Anna Ryder,
Pockets on Fire
(Wormwood Records, 1998)

When Fairport Convention invites an up-and-coming singer-songwriter to open its Cropedy Festival, you can rest assured that she will be someone to remember. That assumption holds true for 1998's opener, Anna Ryder. If you missed that Fest and can't make it in 1999 either, when Ryder again will grace the stage, obtain her February 1999 release, Pockets on Fire, on Fairport's own Wormwood label.

The Fairport influence shows on Ryder's third release (first with major distribution). Band members Dave Pegg, Gary Conway, Chris Leslie and Ric Sanders contribute to several songs while Ryder plays piano, keyboards, accordion and French horn. Pegg also serves as co-producer along with Ryder and Mark Tucker.

"Tried and Tested," the disc's opening track, sets the tone quite readily, however, and makes it clear that while Ryder may receive help from Fairport, she is a performer who can lure in an audience on her own. Ryder's description of herself as a "secondhand woman wearing secondhand clothes ... working a second-rate job in a third-rate place," feeling as if she's playing the "same old songs," and loving a "secondhand man," while admitting that "the love we have is first hand," rings a bell for those who indeed have been "tried and tested" over the years.

Her songs may not be the latest trend, the "flavor of the month," so to speak, but she takes older, universal (indeed, tried and tested) concepts and treats them to her own unique and personal perspective. "Sliding into a Dream," featuring Ric Sanders' distinctive fiddle, draws the listener away from mundane problems long enough to dream with Ryder and realize that, as humans, we all are linked. "Freedom Hymn" admits that although she is tired, worn, and lost, freedom from that can be hers.

Ryder's sense of humor also is present and sometimes is wicked fun. She threatens to set fire to a man's pockets in the title track, but her intentions are not entirely malicious.

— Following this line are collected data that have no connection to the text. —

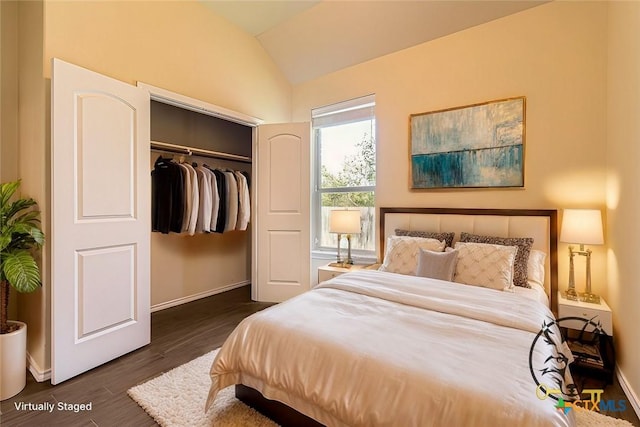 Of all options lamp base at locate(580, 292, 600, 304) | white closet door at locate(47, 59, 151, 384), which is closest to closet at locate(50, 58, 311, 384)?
white closet door at locate(47, 59, 151, 384)

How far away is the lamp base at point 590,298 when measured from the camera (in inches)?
87.0

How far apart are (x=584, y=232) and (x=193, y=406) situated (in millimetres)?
2907

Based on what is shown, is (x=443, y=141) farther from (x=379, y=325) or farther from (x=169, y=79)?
(x=169, y=79)

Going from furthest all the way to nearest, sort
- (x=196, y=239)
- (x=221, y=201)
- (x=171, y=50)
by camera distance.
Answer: (x=196, y=239) → (x=221, y=201) → (x=171, y=50)

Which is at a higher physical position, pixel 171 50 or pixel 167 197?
pixel 171 50

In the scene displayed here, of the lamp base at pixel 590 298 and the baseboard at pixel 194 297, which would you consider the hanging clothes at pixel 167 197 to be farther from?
the lamp base at pixel 590 298

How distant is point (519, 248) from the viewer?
2465 millimetres

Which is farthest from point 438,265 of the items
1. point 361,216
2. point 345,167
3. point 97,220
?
point 97,220

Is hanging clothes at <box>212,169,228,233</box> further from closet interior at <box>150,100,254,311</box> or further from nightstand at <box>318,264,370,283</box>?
nightstand at <box>318,264,370,283</box>

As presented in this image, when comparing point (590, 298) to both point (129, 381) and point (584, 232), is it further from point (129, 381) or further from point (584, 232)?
point (129, 381)

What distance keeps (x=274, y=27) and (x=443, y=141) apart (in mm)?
2400

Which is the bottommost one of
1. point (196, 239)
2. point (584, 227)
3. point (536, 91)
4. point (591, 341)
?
point (591, 341)

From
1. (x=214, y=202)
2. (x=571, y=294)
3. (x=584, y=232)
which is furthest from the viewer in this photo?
(x=214, y=202)

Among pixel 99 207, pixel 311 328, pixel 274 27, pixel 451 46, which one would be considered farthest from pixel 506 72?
pixel 99 207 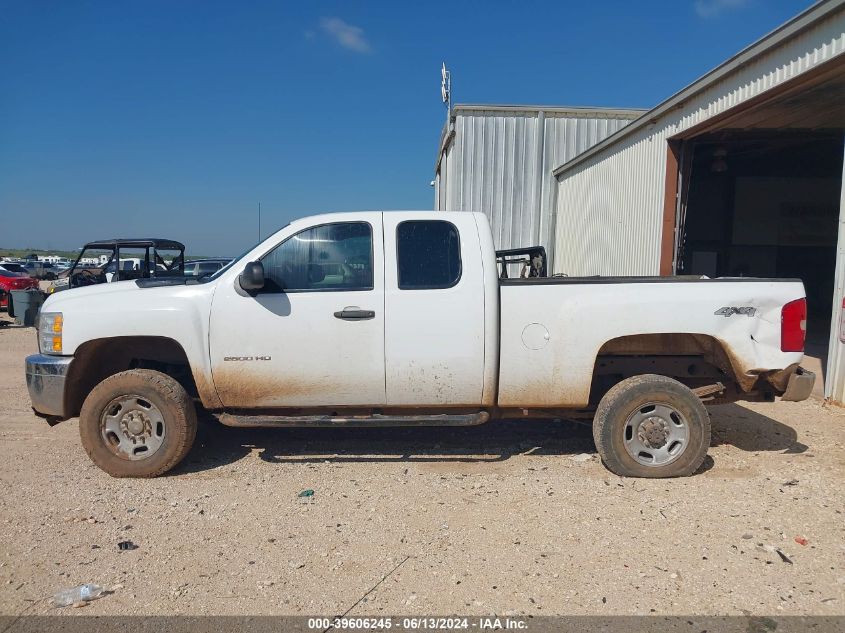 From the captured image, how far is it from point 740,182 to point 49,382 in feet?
63.5

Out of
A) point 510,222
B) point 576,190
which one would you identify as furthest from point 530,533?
point 510,222

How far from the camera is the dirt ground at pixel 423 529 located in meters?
3.13

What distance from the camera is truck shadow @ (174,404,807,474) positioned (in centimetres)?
516

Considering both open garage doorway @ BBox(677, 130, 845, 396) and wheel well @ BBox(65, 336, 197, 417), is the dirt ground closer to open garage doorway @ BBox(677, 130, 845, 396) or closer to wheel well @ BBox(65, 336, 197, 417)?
wheel well @ BBox(65, 336, 197, 417)

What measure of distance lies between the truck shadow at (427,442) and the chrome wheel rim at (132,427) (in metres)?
0.33

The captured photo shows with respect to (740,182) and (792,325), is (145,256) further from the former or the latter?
(740,182)

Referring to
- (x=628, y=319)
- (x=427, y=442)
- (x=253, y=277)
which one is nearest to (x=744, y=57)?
(x=628, y=319)

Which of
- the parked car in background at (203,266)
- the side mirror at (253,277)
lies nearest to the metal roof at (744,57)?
the side mirror at (253,277)

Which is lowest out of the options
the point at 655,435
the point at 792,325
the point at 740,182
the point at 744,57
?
the point at 655,435

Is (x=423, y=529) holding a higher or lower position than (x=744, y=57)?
lower

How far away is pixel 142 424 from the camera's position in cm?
468

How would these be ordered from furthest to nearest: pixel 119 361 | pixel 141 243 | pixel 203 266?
pixel 203 266, pixel 141 243, pixel 119 361

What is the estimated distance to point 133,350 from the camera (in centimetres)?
497

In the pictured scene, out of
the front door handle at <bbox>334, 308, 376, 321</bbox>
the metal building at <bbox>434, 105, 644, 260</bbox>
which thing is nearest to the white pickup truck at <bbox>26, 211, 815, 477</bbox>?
the front door handle at <bbox>334, 308, 376, 321</bbox> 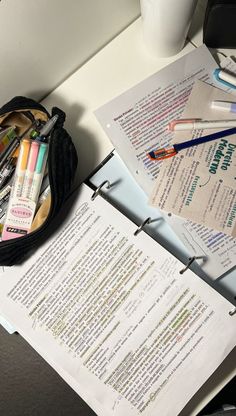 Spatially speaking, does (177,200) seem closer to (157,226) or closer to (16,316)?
(157,226)

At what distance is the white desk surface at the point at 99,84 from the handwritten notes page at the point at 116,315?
90 mm

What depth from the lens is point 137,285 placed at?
633mm

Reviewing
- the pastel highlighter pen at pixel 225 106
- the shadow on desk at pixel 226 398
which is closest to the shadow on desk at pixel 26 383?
the shadow on desk at pixel 226 398

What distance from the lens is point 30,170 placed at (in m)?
0.63

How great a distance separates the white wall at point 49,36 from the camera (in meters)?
0.57

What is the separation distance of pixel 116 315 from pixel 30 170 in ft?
0.81

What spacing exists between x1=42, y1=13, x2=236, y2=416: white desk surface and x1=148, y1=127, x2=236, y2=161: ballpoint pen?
0.08m

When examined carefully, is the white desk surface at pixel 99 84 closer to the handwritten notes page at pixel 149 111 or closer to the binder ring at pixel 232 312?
the handwritten notes page at pixel 149 111

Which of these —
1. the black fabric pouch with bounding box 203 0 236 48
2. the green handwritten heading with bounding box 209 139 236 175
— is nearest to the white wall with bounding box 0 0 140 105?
the black fabric pouch with bounding box 203 0 236 48

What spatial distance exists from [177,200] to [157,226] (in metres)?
0.05

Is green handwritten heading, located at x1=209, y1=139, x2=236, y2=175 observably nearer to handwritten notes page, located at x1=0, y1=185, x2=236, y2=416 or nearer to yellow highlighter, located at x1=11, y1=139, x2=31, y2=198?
handwritten notes page, located at x1=0, y1=185, x2=236, y2=416

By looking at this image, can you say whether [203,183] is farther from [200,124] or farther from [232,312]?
[232,312]

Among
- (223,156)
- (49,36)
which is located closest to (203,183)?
(223,156)

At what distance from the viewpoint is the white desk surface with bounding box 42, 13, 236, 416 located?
0.70 meters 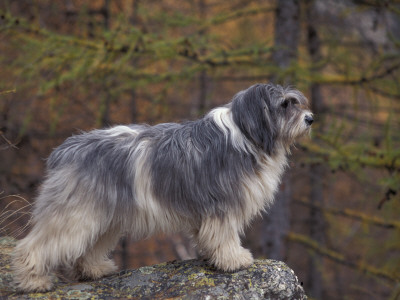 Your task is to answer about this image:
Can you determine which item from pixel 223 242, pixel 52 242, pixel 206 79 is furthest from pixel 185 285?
pixel 206 79

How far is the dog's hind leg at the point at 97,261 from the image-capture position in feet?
16.1

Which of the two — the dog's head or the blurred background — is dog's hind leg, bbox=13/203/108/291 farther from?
the dog's head

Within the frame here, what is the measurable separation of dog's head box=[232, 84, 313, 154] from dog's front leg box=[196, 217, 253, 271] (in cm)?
78

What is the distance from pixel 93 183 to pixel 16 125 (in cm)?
656

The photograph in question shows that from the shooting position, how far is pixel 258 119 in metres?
4.67

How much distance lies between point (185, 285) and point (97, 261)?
1000mm

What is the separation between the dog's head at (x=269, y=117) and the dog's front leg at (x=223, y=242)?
2.56 feet

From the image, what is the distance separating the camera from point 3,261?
5.03m

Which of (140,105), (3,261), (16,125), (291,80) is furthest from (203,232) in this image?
(140,105)

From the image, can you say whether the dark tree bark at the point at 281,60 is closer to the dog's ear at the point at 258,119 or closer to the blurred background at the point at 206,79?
the blurred background at the point at 206,79

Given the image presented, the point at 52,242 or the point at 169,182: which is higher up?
the point at 169,182

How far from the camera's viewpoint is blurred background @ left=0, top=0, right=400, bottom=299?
7.50 m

His pockets contain so much weight from his past that he cannot belong to anyone. "Heaps of Metal," a jazzy, swing piece about fixing her old car once again, does not seem at all mundane; Ryder's amusing take on car repairs seems both philosophical and whimsical.

These songs are deceptively simple. And don't let the charming, childlike self-drawn caricatures on the CD cover and within the booklet fool you either. Listen closely and Ryder's music will draw you in to see its complexity. As she says in "Late Nights," while describing a group of friends having so much fun in one another's company that they don't want to leave the pub: "It seems like we want to be here all the time / And it seems like our homes are a million miles from this place."

You may feel that way at the end of Pockets on Fire. I know I did.